Ah Python, you have spoiled me for all other languages

Ian Kelly ian.g.kelly at gmail.com
Sun May 24 03:22:23 EDT 2015


On Sat, May 23, 2015 at 8:57 PM, Michael Torrie <torriem at gmail.com> wrote:
> On 05/23/2015 05:40 AM, Chris Angelico wrote:
>> On Sat, May 23, 2015 at 9:34 PM, Tim Chase
>> <python.list at tim.thechases.com> wrote:
>>> A self-signed certificate may be of minimal worth the *first* time you
>>> visit a site, but if you return to the site, that initial
>>> certificate's signature can be used to confirm that you're talking to
>>> the same site you talked to previously.  This is particularly
>>> valuable on a laptop where you make initial contact over a (I
>>> hesitate to say "more secure") less hostile connection through your
>>> home ISP.  Then, when you're out at the library, coffee-shop, or some
>>> hacker convention on their wifi, it's possible to determine whether
>>> you're securely connecting to the *same* site, or whether an attempt
>>> is being made to MitM because the cert changed.
>>
>> You can get the exact same benefit (knowing when the cert changes)
>> with an externally-signed cert too. How many people actually bother to
>> check?
>
> Except that you won't be notified automatically.  A MitM attack nowadays
> most often uses a valid certificate signed by a recognized (though
> untrustworthy) CA.  Thus with a self-signed cert that you've previously
> accepted, you'll immediate know of the MitM attack.

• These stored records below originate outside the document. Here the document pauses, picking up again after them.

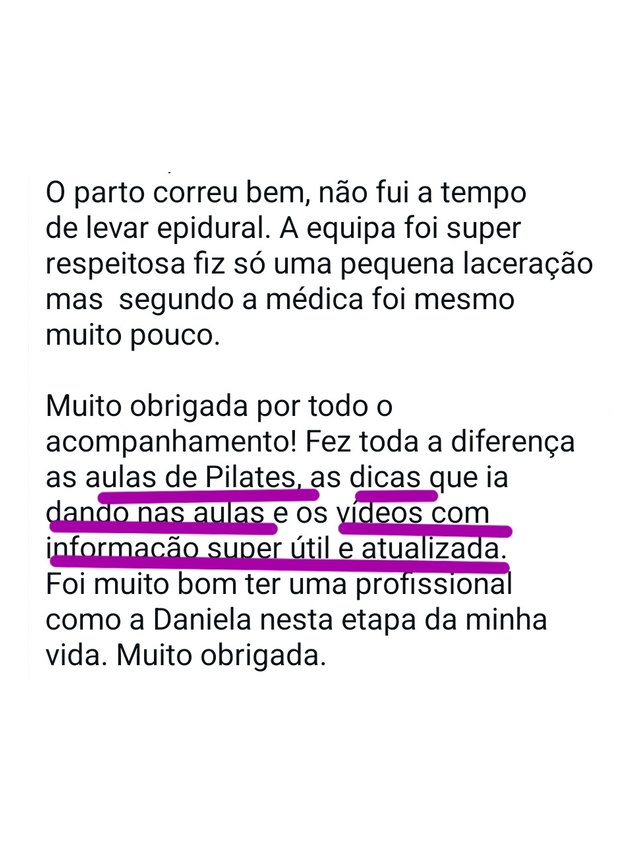 Mensagem de uma aluna sobre o guia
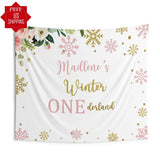 Winter ONEderland Backdrop, Girl Snowflake Birthday Backdrop - iJay Backdrops
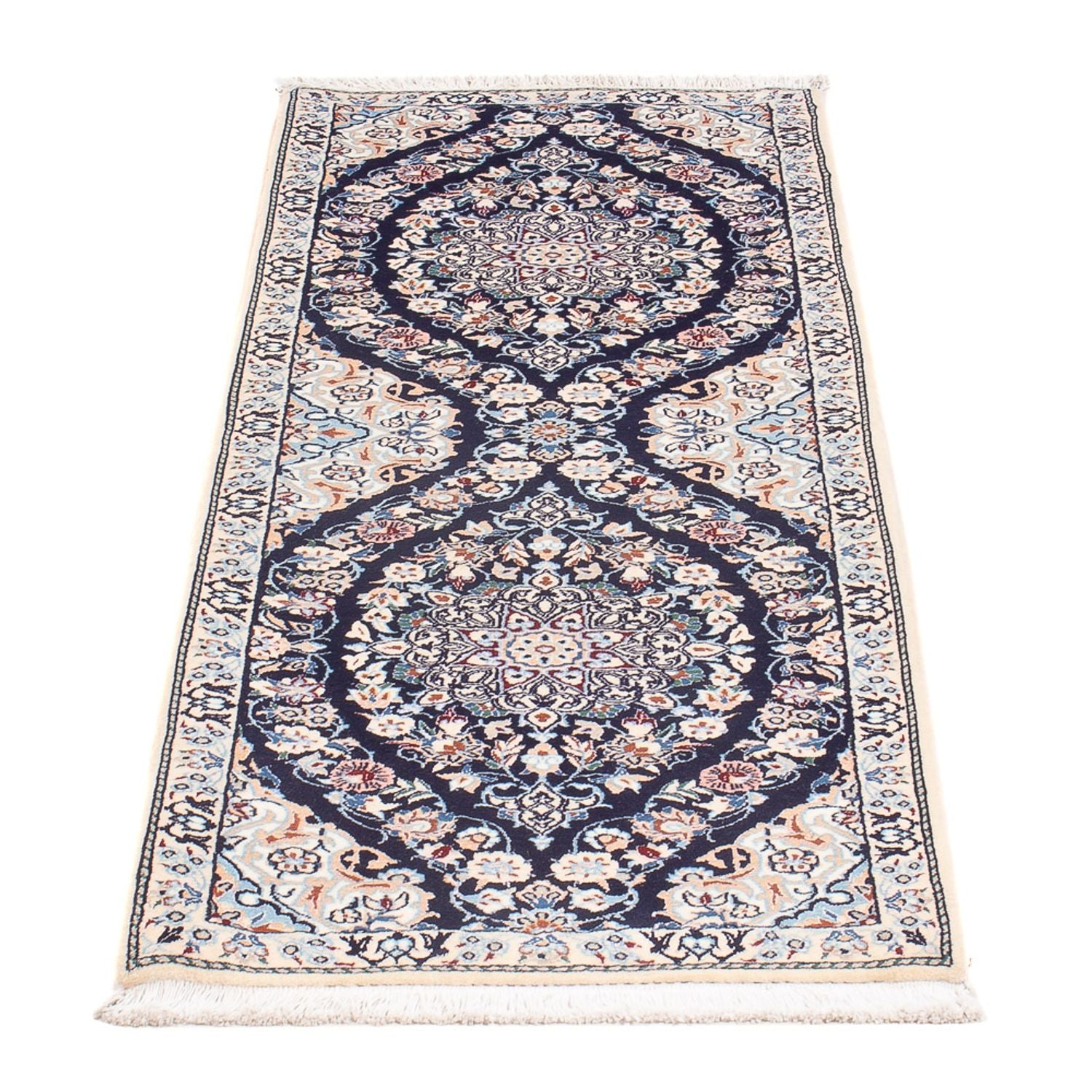 Alfombra de pasillo Alfombra Persa - Nain - Prima - 150 x 50 cm - azul oscuro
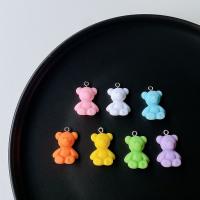 Resin Pendant, Bear, cute & DIY, more colors for choice, 20mm, Approx 100PCs/Bag, Sold By Bag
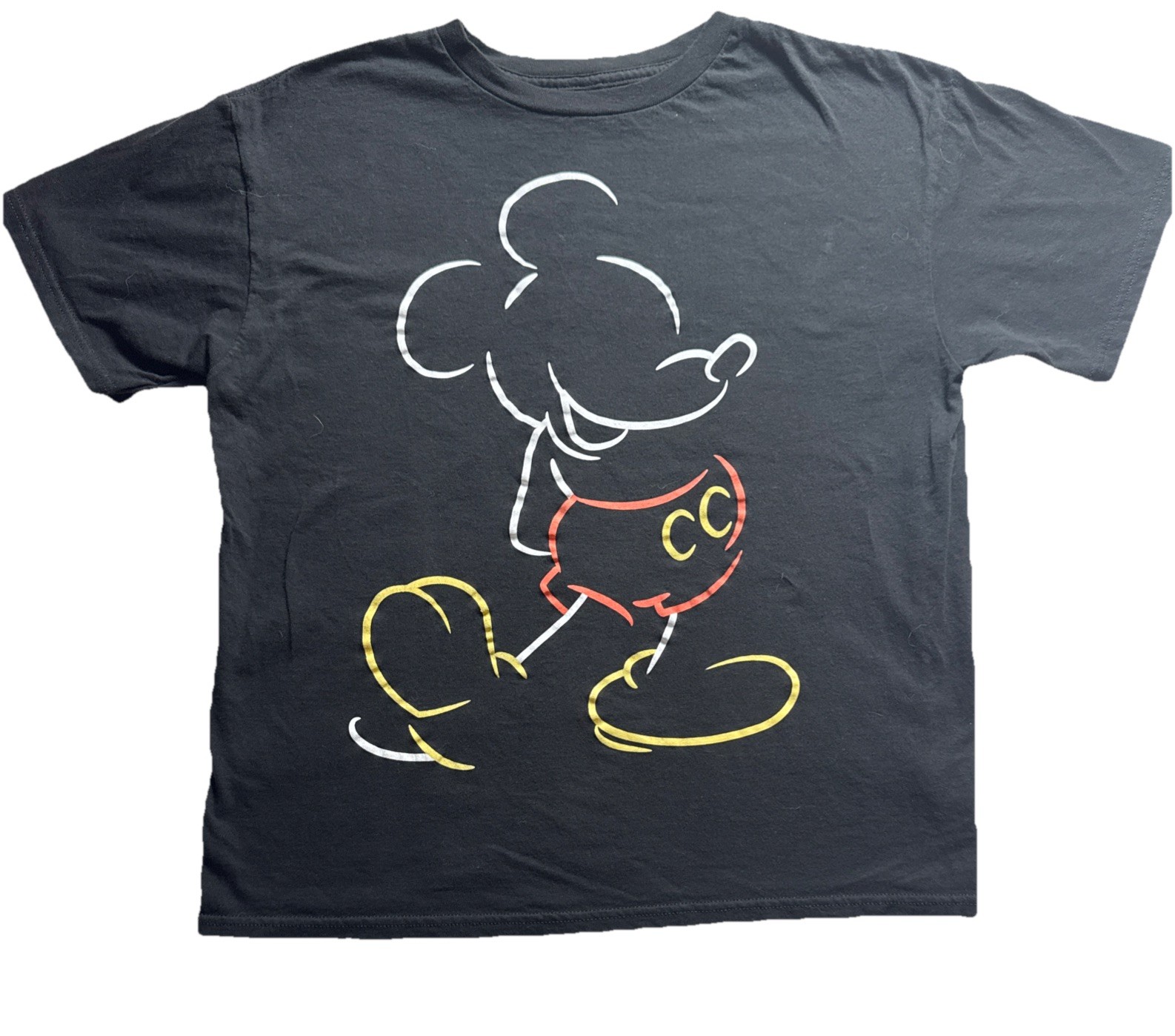 Mickey Mouse Disney T-shirt Youth Kid's Large Black Short Sleeve 100% Cotton
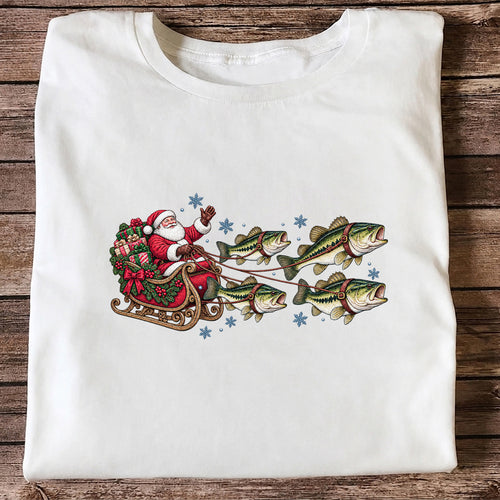 Santa in a Sleigh Pulled by Bass Christmas Fishing Graphic T-Shirt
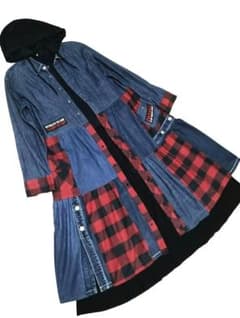 古着リメイク　ゆったり羽織りになるデニムパッチワークワンピース デニムリメイク 古着リメイク ゆったり羽織りになるデニムパッチワークワンピース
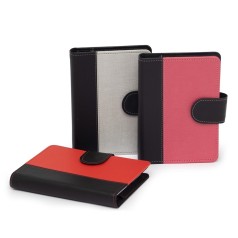 Caderneta Couro Sintético com Botão e Cartões Personalizada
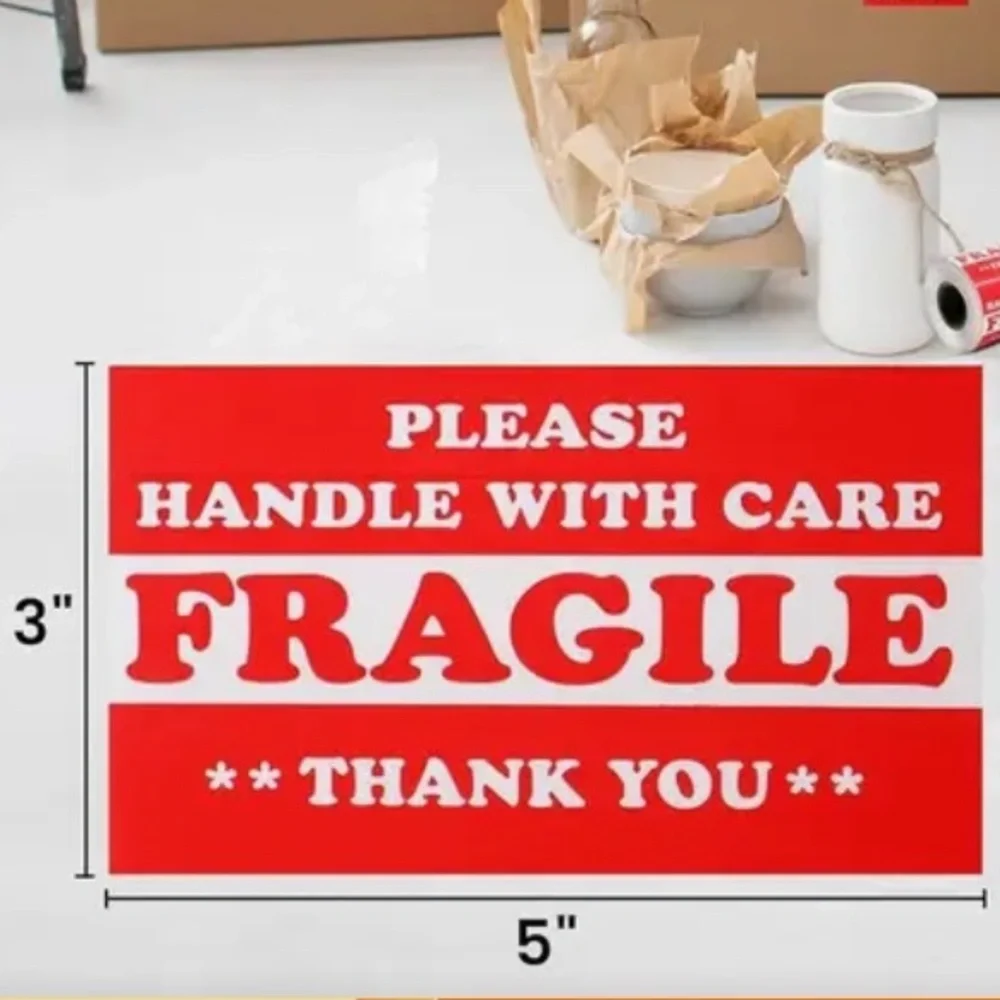 80 “Fragile Handle With Care” Stickers. 3”x5”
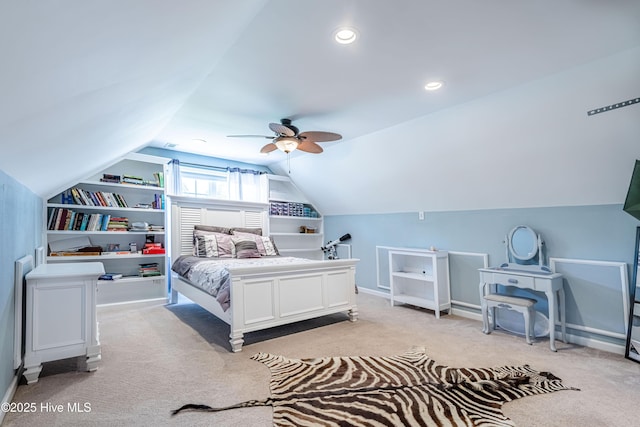 220 Everett Yopp Dr, Sneads Ferry, NC 28460 - bedroom featuring lofted ceiling, light colored carpet, ceiling fan, and recessed lighting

I fail to see how this is the case. If a new certificate is suddenly
provided, why should the status of the *previous* certificate have
anything to do with whether the browser automatically notifies you? A
change from a self-signed certificate to a CA certificate likely just
means that the site has upgraded its certificate, not that a MitM
attack is underway.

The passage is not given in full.